Darth Vader Will get Wrecked

Minions, subsequent month Star Wars might be 46 years previous. And I do know simply find out how to have a good time:

 …by mercilessly mocking Darth Vader truffles.

 This one, for instance, seems to be like a codfish. 

Granted, I do not really know what a codfish seems to be like, however I think about it should be sort of foolish and wet-looking, which makes them virtually twins.

And this one matches “scruffy-looking nerf herder” to a T:

Wait – I simply realized there is not any “t” in “scruffy-looking nerf herder.”

Okay, it matches it to a “scruffy-looking”

When I used to be a child I discovered this nifty stone-texture spray paint at Dwelling Depot, and proceeded to color every thing I may get my fingers on, together with my room’s wall switches, door handles, and lamps. My mother and father have been fortunate individuals, y’all. Anyway, apparently this baker had the identical fascination:

However at the least this one is icing. So you actually cannot take it for granite.


Talking of stone, I am undecided what occurred to this Darth:

…but it surely seems to be like he is having an avalanche.

And here is the one they discovered flattened below the rubble:


That is technically one of the best Darth of the bunch, and that is actually saying one thing:

One thing about sweat, and tears, and purple poo.

(Oh, you have by no means eaten a bunch of black fondant earlier than? Then by no means thoughts.)

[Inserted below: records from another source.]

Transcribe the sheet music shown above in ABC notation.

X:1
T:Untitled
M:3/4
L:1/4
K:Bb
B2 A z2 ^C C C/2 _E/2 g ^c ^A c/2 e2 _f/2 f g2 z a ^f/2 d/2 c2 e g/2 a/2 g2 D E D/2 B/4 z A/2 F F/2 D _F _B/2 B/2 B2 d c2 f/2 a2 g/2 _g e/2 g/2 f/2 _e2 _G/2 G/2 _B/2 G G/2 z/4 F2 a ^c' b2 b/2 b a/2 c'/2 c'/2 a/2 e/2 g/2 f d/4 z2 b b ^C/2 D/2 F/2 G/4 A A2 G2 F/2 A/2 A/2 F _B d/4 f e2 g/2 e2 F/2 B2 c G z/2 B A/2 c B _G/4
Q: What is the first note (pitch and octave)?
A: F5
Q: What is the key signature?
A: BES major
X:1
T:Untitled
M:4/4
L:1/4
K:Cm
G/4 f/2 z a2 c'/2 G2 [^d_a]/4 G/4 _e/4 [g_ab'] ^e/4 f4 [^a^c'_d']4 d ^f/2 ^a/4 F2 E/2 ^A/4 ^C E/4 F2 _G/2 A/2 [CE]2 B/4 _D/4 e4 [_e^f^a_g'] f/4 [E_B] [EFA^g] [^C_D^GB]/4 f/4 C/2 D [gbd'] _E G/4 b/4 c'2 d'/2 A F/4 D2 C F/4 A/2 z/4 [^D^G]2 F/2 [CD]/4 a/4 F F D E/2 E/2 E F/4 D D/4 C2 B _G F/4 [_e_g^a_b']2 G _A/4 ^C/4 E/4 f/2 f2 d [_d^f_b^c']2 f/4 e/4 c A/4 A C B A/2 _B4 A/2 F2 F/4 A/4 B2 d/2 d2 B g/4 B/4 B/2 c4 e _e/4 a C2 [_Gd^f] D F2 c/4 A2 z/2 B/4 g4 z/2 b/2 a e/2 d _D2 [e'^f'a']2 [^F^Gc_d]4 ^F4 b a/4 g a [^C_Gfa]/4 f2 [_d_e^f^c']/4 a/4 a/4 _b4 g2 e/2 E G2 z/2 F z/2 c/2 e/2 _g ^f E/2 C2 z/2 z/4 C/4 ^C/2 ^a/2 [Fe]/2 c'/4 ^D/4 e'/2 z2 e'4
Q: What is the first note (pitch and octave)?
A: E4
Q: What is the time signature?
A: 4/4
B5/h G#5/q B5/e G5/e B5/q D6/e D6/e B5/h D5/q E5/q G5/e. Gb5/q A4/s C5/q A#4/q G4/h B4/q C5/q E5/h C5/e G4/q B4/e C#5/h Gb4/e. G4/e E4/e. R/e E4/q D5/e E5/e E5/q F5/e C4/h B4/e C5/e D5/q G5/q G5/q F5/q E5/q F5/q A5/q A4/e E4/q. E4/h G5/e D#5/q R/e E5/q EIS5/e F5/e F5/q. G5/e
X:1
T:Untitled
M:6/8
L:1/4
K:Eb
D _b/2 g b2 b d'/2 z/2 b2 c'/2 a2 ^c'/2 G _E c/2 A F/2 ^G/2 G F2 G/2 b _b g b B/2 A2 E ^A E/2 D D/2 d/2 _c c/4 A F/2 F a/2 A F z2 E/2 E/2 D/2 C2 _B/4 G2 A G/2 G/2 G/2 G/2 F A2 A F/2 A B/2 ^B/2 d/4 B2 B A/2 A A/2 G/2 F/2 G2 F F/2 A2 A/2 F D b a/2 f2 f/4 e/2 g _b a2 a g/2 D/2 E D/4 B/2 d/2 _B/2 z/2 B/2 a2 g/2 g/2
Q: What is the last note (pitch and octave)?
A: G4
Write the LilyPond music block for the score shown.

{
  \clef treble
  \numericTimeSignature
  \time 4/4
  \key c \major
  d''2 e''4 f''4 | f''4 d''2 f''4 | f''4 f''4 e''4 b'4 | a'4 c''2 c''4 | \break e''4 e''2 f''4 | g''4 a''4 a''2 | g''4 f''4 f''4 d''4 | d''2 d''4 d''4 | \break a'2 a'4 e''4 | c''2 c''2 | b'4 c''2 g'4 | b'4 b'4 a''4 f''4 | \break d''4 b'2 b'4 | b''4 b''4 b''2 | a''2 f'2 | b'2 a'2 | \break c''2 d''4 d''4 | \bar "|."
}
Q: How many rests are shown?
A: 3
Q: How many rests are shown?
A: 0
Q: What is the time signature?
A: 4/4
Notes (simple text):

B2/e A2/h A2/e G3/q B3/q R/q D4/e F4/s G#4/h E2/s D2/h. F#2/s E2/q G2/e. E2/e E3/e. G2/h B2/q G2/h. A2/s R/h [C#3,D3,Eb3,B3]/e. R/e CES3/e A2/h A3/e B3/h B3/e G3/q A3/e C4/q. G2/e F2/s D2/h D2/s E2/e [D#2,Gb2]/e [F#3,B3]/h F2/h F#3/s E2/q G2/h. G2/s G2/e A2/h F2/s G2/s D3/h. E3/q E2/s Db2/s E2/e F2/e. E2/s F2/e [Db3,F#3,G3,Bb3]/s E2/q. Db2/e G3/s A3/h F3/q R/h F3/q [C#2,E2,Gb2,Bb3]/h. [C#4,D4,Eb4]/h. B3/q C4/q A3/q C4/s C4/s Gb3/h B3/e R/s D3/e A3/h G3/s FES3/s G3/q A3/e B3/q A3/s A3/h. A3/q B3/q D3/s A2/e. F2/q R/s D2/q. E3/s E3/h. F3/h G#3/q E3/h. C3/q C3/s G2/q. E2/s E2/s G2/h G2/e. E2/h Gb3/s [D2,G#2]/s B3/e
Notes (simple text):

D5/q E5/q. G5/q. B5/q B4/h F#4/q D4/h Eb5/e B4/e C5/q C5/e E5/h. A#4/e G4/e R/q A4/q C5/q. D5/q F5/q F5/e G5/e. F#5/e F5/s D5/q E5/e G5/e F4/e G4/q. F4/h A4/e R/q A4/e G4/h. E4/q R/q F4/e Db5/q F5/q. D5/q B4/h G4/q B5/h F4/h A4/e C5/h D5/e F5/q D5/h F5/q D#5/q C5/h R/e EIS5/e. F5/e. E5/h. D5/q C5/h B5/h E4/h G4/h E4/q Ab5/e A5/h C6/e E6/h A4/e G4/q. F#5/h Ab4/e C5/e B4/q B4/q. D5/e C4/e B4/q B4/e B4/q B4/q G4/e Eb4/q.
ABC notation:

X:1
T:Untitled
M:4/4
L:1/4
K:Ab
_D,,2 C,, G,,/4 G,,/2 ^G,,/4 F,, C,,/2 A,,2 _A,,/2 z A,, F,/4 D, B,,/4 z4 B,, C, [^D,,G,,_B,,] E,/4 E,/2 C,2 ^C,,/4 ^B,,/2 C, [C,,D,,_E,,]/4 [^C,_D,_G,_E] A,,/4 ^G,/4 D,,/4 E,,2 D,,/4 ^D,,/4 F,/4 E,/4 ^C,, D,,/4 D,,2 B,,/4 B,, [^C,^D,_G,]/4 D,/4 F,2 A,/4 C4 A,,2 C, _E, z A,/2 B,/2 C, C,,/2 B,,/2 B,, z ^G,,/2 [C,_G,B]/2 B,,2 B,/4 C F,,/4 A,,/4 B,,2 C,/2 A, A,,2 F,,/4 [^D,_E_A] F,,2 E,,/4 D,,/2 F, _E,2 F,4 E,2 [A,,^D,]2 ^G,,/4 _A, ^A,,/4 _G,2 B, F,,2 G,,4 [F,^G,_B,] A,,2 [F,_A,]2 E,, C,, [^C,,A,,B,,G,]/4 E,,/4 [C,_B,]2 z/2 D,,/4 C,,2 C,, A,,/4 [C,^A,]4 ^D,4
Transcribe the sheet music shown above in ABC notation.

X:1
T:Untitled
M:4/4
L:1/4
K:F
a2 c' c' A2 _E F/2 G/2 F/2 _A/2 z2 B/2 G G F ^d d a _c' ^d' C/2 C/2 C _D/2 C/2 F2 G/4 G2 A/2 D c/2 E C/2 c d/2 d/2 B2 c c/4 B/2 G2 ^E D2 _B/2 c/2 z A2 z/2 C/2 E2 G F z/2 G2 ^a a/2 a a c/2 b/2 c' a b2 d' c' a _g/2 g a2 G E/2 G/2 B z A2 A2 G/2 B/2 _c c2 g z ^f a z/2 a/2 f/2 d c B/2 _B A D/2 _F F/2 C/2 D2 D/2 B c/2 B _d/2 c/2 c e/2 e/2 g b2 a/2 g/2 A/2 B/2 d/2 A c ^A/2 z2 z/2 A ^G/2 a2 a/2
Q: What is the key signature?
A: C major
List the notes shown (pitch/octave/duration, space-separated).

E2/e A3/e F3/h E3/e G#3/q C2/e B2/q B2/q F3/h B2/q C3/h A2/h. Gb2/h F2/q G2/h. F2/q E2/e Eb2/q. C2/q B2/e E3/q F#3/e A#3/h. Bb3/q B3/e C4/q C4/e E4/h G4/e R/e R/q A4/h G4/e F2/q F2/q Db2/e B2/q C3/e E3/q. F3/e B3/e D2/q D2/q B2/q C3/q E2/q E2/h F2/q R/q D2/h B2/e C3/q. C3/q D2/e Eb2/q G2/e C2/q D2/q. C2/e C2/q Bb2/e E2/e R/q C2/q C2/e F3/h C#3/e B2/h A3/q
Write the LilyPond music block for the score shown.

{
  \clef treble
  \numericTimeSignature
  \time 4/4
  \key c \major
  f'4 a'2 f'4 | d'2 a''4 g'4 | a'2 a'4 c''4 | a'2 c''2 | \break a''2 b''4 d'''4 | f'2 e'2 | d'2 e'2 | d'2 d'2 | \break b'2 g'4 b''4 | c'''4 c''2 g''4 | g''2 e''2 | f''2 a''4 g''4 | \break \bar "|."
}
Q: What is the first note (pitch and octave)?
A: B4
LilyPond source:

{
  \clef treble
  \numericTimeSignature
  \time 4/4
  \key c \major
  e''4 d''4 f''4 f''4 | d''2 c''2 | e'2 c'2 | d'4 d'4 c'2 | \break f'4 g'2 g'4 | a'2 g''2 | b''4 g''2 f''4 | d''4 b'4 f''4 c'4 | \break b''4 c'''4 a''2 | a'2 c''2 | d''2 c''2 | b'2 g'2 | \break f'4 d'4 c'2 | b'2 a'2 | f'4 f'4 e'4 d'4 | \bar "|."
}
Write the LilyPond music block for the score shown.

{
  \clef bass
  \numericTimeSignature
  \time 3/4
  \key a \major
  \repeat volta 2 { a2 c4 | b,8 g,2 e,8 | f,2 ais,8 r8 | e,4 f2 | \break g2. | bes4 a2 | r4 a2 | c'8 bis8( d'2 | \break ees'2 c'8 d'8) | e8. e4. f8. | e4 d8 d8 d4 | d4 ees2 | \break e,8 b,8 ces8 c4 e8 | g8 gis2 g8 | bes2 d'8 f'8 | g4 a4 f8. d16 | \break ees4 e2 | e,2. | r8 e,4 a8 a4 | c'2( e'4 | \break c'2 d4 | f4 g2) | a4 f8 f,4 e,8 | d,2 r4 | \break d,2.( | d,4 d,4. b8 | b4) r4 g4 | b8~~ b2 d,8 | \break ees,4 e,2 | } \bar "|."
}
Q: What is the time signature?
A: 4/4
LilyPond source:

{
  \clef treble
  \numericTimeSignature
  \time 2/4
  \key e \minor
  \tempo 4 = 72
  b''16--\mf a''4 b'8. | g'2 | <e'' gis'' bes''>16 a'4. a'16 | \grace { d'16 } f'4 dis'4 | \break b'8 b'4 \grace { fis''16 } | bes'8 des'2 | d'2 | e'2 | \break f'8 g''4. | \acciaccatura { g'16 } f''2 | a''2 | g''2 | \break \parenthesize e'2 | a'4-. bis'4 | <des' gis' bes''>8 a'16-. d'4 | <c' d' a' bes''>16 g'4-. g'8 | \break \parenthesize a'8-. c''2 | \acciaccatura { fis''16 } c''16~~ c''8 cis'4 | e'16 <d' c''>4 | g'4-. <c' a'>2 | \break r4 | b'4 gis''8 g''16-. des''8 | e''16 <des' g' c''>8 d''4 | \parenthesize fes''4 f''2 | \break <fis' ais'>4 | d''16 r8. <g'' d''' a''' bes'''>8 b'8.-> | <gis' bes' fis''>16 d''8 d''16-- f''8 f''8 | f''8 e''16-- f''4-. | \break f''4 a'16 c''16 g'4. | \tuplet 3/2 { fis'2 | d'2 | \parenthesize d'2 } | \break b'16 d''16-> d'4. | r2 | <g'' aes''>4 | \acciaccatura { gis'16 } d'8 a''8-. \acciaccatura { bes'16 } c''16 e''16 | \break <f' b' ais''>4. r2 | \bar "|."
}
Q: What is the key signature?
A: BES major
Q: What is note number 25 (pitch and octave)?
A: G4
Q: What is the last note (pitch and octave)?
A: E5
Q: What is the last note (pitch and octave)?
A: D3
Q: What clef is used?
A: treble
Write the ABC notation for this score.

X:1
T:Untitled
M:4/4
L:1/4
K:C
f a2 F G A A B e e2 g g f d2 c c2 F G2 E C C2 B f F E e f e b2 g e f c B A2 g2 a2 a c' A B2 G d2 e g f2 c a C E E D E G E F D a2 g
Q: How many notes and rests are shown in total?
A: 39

I saved my favourite for final, in fact.

(“I’ve acquired a nasty feeling about this…”)


Darth Droopy!

“Heavy bweathing.”

You recognize what? That makes me unhappy.

Hey Heather S.,  Arielle C., Luci, Brenda J., Clare, Leah S., & Julie Anne D., who’s your daddy?


P.S. In case you like your Star Wars a little bit spicy, then that is for you:

Darth Vader Spice Grinder

THE SPICE MUST FLOW. Even when it is crossing the streams. Additionally that smooshy lil Vader grinder is cute and solely prices $16 Prime.